In particular, the SPMKE may be transformed into a linear VO2 function (LVO2F) for the subject, which VO2 function (LVO2F) is representative of the oxygen consumption rate (VO2) as a function of time of the subject during the exercise period. The determination of LVO2F from the SPMKE within the exercise session (E) is shown schematically in
In order to transform the SPMKE into the LVO2F, each PMKE of the set of PMKEs (SPMKE) is converted into a scalar value (single value) representative of the non-exercise period (N), wherein the scalar value is an order statistic. Thus, a set of order statistic (SOS) for the exercise session (E) is obtained, and from the evolution over time of the order statistics (OSs) of the SOS, the linear VO2 function (LVO2F) for the subject can be determined. The determination of LVO2F from the SPMKE within the exercise session (E) using a set of order statistic (SOS) is shown schematically in
An order statistic (OS) is determined for each non-exercise period (N). An order statistic (OS) may be a median, or another quantile (e.g., 1st and 3rd quartile).

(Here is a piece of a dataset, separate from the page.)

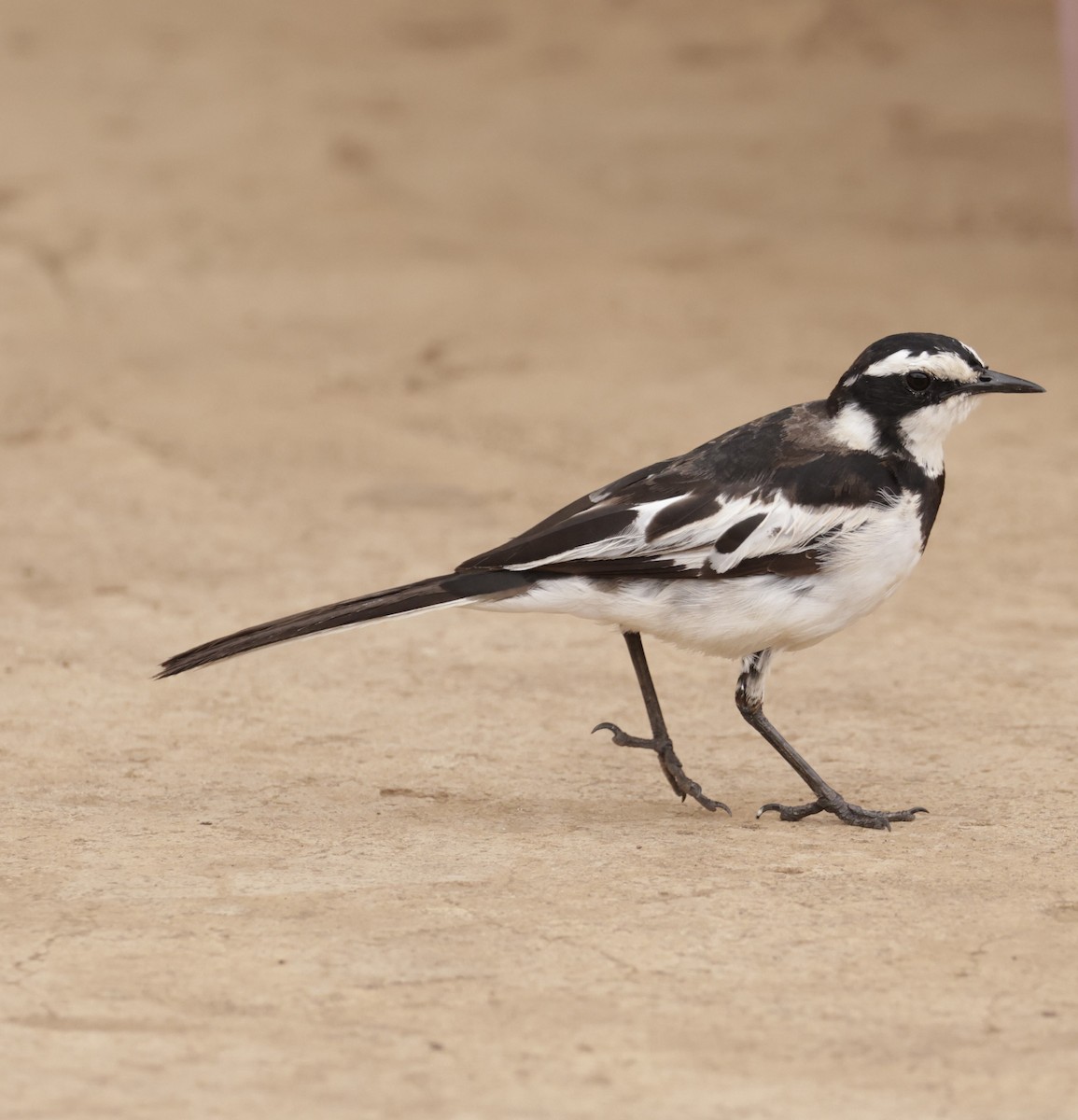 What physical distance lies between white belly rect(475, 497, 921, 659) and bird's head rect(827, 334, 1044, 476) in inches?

To generate the order statistic (OS) for each non-exercise period (N), each PMKE of the set of PMKEs (SPMKE) is converted into a scalar value (single value). This conversion may be performed:
In the case of transforming indirectly the PMKE into an order statistic (OS), the period of mean kinetic energies (PMKEs) within a non-exercise period (N) is transformed into an intermediate linear function (ILF); this may be achieved using a scaling law. For instance, each mean kinetic energy (MKE) from the period of mean kinetic energies (PMKEs) may be plotted on a graph (y-axis: MKE, x-axis: time), to which a curve can be fitted. The fitted curve is transformed into an intermediate straight line (the intermediate linear function) by the scaling law. The intermediate linear function may be expressed graphically or as a mathematical formula. The scaling law may be any function that linearises a curve. In particular, the scaling law may use a cubic root of the mean kinetic energy (MKE). In particular, the scaling law may use the heart rate (HR) of the subject. One example of a scaling law comprises the equation HR*CubicRoot(MKE/HR).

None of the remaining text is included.